Condor is a junior oil and natural gas corporation engaged in
the exploration for, and the acquisition, development and
production of oil and natural gas resources in Kazakhstan and
Canada. Condor holds a 100% interest in the oil and natural gas
exploration rights to the 2,610 km2 Zharkamys West 1 territory
located in Kazakhstan's Pre-Caspian basin, a 66% interest in the
oil and natural gas exploration rights to the 18,500 km2 (gross)
Marsel territory located in Kazakhstan's Chu-Sarysu basin and
operates certain properties in Alberta and Saskatchewan and holds
non-operated working interests and royalty interests in a number of
other properties in Alberta. For further information, see Condor's
prospectus, dated March 31, 2011, a copy of which is available
under Condor's SEDAR profile at www.sedar.com.

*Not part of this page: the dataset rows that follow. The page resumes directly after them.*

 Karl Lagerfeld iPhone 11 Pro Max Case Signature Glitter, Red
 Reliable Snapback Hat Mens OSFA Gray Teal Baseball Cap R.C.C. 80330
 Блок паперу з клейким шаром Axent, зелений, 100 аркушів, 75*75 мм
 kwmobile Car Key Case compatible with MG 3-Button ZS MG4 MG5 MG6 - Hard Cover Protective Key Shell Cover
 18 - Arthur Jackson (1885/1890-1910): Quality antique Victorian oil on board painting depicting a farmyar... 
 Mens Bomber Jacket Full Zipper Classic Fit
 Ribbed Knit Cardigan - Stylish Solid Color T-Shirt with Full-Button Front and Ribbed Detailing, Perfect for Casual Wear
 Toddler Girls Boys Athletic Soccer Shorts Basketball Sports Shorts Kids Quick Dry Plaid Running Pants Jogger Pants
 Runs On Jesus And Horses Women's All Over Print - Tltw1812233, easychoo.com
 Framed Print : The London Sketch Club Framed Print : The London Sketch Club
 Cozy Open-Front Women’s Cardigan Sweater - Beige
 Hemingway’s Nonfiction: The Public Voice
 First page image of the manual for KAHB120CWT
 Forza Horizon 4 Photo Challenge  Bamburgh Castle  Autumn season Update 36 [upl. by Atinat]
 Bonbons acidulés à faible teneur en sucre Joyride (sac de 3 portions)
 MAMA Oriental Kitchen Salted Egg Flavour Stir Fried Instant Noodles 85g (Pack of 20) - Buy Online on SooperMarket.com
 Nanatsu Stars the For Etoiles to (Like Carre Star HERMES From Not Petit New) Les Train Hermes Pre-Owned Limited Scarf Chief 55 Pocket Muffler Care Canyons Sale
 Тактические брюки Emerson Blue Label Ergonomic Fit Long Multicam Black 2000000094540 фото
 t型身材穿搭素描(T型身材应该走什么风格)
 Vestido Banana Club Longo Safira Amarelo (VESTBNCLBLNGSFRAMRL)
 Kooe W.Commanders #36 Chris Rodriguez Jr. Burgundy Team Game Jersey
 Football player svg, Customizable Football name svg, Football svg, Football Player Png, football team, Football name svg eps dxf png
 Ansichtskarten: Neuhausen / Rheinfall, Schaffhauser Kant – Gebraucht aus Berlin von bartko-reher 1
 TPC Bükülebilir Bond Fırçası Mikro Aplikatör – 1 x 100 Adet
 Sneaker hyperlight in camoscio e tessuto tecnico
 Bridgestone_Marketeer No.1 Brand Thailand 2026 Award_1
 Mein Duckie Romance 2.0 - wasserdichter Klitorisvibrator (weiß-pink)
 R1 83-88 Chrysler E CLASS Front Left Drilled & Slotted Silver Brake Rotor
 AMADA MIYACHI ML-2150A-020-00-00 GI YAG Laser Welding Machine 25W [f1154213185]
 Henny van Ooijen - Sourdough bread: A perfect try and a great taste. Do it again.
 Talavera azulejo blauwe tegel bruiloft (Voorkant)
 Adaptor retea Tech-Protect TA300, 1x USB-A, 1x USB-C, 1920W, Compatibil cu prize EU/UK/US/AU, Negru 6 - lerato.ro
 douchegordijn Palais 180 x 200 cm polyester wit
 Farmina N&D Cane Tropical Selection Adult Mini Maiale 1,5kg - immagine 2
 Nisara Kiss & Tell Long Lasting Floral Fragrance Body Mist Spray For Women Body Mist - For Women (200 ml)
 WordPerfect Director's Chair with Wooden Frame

Forward-Looking Statements
Certain statements in this MD&A constitute forward-looking
statements under applicable securities legislation. Such statements
are generally identifiable by the terminology used, such as
"anticipate'', "believe'', "intend", "expect", "plan", "estimate",
"budget'', "outlook'', "scheduled", "may", "will", "should",
"could", "would" or other similar wording. Forward-looking
information in this MD&A includes, but is not limited to,
information concerning the timing and ability to obtain various
regulatory approvals; the timing of planned well testing and
drilling operations; the expectations, timing and ability of the
Company to mature and drill future targets and prospects; the
timing and ability of the Company related to the acquisition of
seismic data and its proposed use thereof; the possible extension
of exploration periods; the execution of drilling contracts; excess
profit taxes; the potential for additional contractual work
commitments; the flexibility of capital spending plans and the
source of funding therefore; the effect of the Company's risk
management program; the Company's ability to pay its creditors,
suppliers, and to meet and fund its contractual work commitments;
the effect of the Company's risk mitigation policies, systems,
processes and insurance program; the expected impact and timing of
various accounting pronouncements, rule changes and standards,
including IFRS, on the Company and its consolidated financial
statements; projections relating to the adequacy of the Company's
provision for taxes; projections with respect to natural oil and
gas production, the possible further evaluation and remedial work
on the Eb-1 well, interpretation of well results, increase to the
Marsel work program, the commencement of drilling operations, the
target interval and timing thereof, the intensions of the Phase 1
and Phase 2 strategies at Zharkamys, and the satisfaction of the
work commitments at Zharkamys and Marsel. By its very nature, such
forward-looking information requires Condor to make assumptions
that may not materialize or that may not be accurate.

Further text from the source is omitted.